As mulheres Ouled Nail, para se casar, compravam uma casa e um jardim e começavam a aceitar pretendentes para constituir uma família e quando ela dava a luz às suas próprias filhas, as treinava na arte da dança do ventre para prepará-las para o trabalho. Uma mulher Ouled Nail clássica pronta para o trabalho usava um vestido em camadas com pulseiras pontiagudas que poderiam ser usadas como armas, e um colar feito com as moedas que ela ganhou.

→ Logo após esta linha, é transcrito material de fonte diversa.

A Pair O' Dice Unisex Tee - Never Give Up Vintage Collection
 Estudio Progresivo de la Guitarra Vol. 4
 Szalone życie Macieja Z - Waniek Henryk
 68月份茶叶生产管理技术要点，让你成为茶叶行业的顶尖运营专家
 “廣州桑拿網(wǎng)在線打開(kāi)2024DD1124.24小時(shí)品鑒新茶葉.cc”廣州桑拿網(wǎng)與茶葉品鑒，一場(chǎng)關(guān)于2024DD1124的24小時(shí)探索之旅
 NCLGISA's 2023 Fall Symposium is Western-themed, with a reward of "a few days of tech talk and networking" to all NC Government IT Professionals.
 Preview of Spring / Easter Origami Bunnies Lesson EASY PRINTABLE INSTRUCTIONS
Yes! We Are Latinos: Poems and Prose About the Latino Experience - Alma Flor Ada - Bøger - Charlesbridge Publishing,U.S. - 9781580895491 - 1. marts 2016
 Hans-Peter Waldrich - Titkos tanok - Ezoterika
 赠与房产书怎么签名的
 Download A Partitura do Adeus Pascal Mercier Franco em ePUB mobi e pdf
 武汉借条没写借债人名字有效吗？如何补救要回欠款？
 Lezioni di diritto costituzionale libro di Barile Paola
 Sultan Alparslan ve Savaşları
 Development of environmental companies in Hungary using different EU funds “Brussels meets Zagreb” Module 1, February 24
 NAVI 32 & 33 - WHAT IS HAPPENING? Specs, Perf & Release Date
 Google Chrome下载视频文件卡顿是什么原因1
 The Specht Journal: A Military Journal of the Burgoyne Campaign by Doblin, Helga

A dança do ventre não era apenas uma parte de sua cultura, era um meio de subsistência e de fortalecimento para as mulheres Ouled Nail, e acredita-se que elas desfrutavam da liberdade que hoje a maioria das mulheres livres desfrutam; porque na sua cultura seus homens entendiam e aceitavam seus meios de subsistência.

As mulheres Ouled Nail dançavam eroticamente e em alguns shows, nuas. Eles fumavam e se entregavam com o apoio total de suas mães. Eles adotavam as crianças nascidas fora do casamento devido a essa prática e apreciavam ainda mais se fossem meninas.

Elas mantiveram esse aspecto de sua cultura mesmo depois de terem se convertido ao islamismo no século 7 até o século 20, quando mercenários franceses, durante a ocupação francesa, as trataram como subumanas; às vezes matando-as pelas joias e moedas que usavam.

Sua fama se espalhou por toda a Europa depois que os turistas franceses ficaram impressionados com sua excelente dança e desfrutaram de sua companhia no século XIX. A dança mais tarde se espalhou para partes da América do Norte no século XX.

Aisha Ali, especialista em danças do Norte da África, observou e gravou um pequeno grupo de dançarinas do ventre Nail, ainda em Bou Saada, na década de 1960. As fotografias desse grupo e a gravação, intitulada “Música da Ouled Nail” foram imitadas por dançarinas americanas desde a década de 1960 até hoje.